Corner weight system
#16
Tech Adept
iTrader: (10)
This site is pretty awesome if you are just using four $10 Harbor Freight scales like I am.
http://robrobinette.com/corner_weight_calc.htm
http://robrobinette.com/corner_weight_calc.htm
#17
This site is pretty awesome if you are just using four $10 Harbor Freight scales like I am.
http://robrobinette.com/corner_weight_calc.htm
http://robrobinette.com/corner_weight_calc.htm
#18
Tech Elite
iTrader: (22)
The first thing I do is check chassis tweek. If the chassis is twisted, and you can't get it out, and it's the middle of a race day, it's not the end of the world. But the car is never going to be as "right" (which means it's easier to work on) than it will if you got it square to begin with.
You can check chassis tweek by setting the car on setup blocks, on the screws where the front and rear suspension mounts pass through, and then see if the car lies dead flat or "rocks". If it rocks, it's not square and you need to try and get it straight before you move further forward.
In order to untweek it, you are going to need some tools. You can buy something to untweek the car that's really fancy like this:
http://www.redrc.net/2014/06/zen-rac...is-tweak-tool/
Or, you can home brew something. My "home" rig is a piece of 1" x 2 1/2" x by 13" billet aluminum remnant stock I got from a local industrial stainless and aluminum company and the biggest anodized aluminum knitting needle you can find at Hobby Lobby.
(This space reserved for a picture of my $7 setup when photobucket stops being a grump)
At the track, I just use my setup board and the knitting needle because I don't want to haul around this block and my Marc Reinhart setup board is already pretty robust.
At the track, I check it on setup blocks between rounds.
My standard setup regimine is:
- Check/fix chassis tweek
- Set droop (I usually use 20mm blocks and an off-road 20-30mm ride height block, but can use a steel rule and my eyes)

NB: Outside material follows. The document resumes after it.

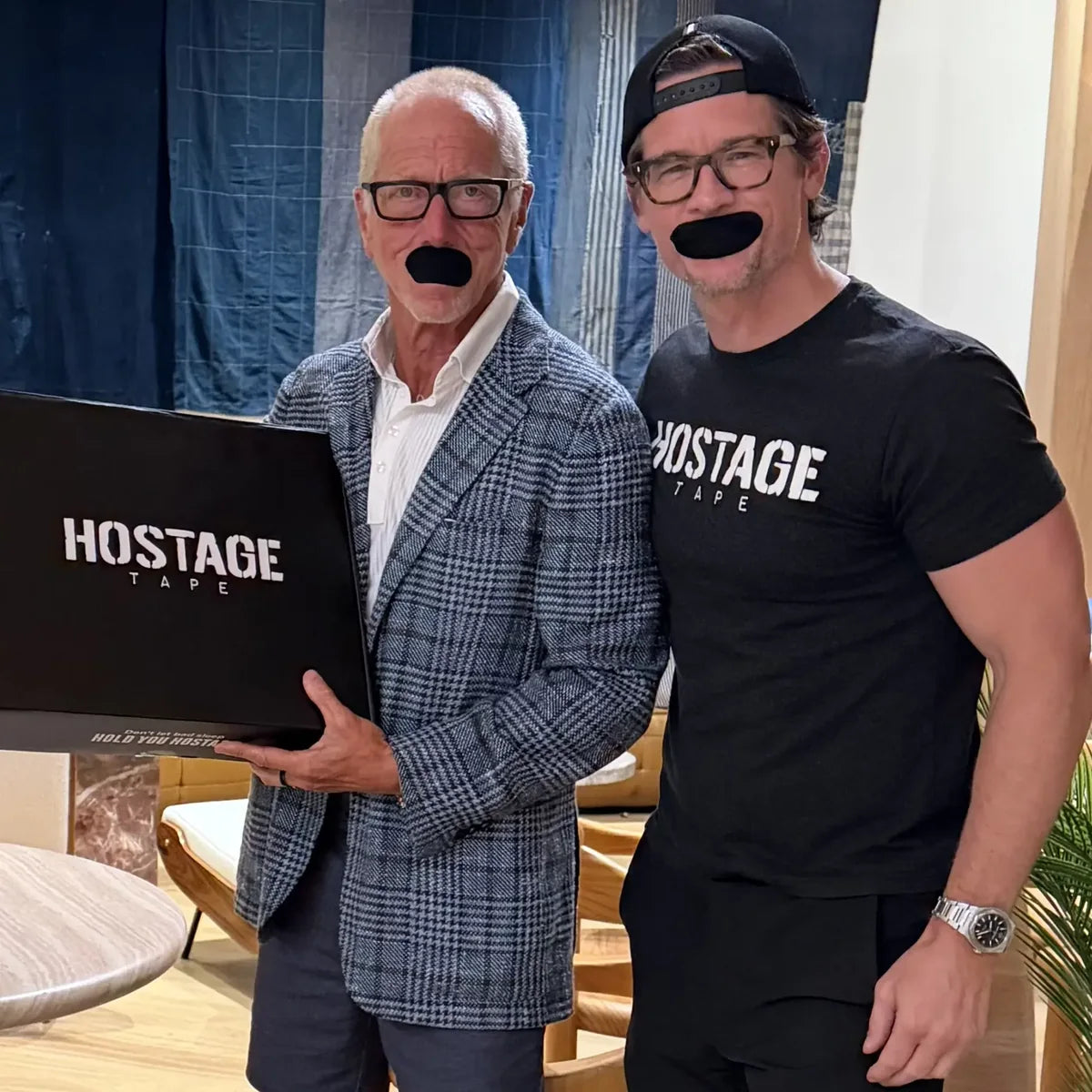 Alex Neist delivering a Hostage Tape box to the customer who paid for founder delivery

- Put race tires back on in their appropriate wheel positions (I mark my tires in sets, never seperate them and never rotate them) and set the ride height.
- Check cambers and toe, recheck/set ride height.
- Put the car on the scales and see what the L/R, F/R, and split weights look like. There is a way to get the car unwedged/us tweeked without scales using an exacto knife. If you KNOW the car is 50/50 left and right, you can pick up one end with the exacto knife and see which tire comes up first.
- The way you adjustment you make to fix it is remove a small amount of preload the shock DIAGONAL on the chassis to the heavy tire, and add the same amount to the DIAGONAL tire that is light. That way, the ride height isn't disturbed, but you fix the split on the other axle.
Real life MBA case study problem:
The RF and LF tires weight the same. The RR is 30 grams heavier than the LR.
Solution:
Add 1/8 of a turn to the RF (taking weight off the LF and RR, moving it to the LR), remove 1/8 of a turn from the LF (adding weight off the RF and LR, reducing weight on the RR). Recheck and do it again till you are happy.
If I get the car within a couple of grams, I usually quit. If you bump a curb, a board, or another car, it's going to be wrong, especially if you use a plastic chassis car.
Important note:
The above mentioned car is not exactly 50/50 left to right, the math indicates it's 30 grams heavier on the right side. Assuming the car isn't 30 grams underweight or have 30 grams to be relocated, it's probably never going to be. The best you can do in a situation like this is get the cross weights equal (LR+RF = RR+LF) and hope all the high speed sweeper corners are right hand.
IMO the f/r bias is more important than the l/r bias. Moving the weight forward and backward on the chassis has a far greater effect on the car having appropriate handling characteristics getting in the corner and making grip off the corner (slow corners) than having the car be exactly perfect left and right.
#19
Tech Elite
iTrader: (22)
After posting, I found this older but still valuable article via X-ray. If you got this far, you should take three minutes and read it. It's clear, concise, and has pictures.
http://www.teamxray.com/teamxray/sho...p?file_id=2919
http://www.teamxray.com/teamxray/sho...p?file_id=2919
#20
Tech Elite
iTrader: (8)
This should be done with battery in, and with a clean setup board, and clean bottom side of the chassis.
Note that many modern TC's have so much flex that they will sit flat on the board / droop blocks, but can still be holding a tweak or uneven flex, which will show up on track, and possibly when the sitting on the tires.
Body installed
Left and right relationship is how you would be sitting in the car.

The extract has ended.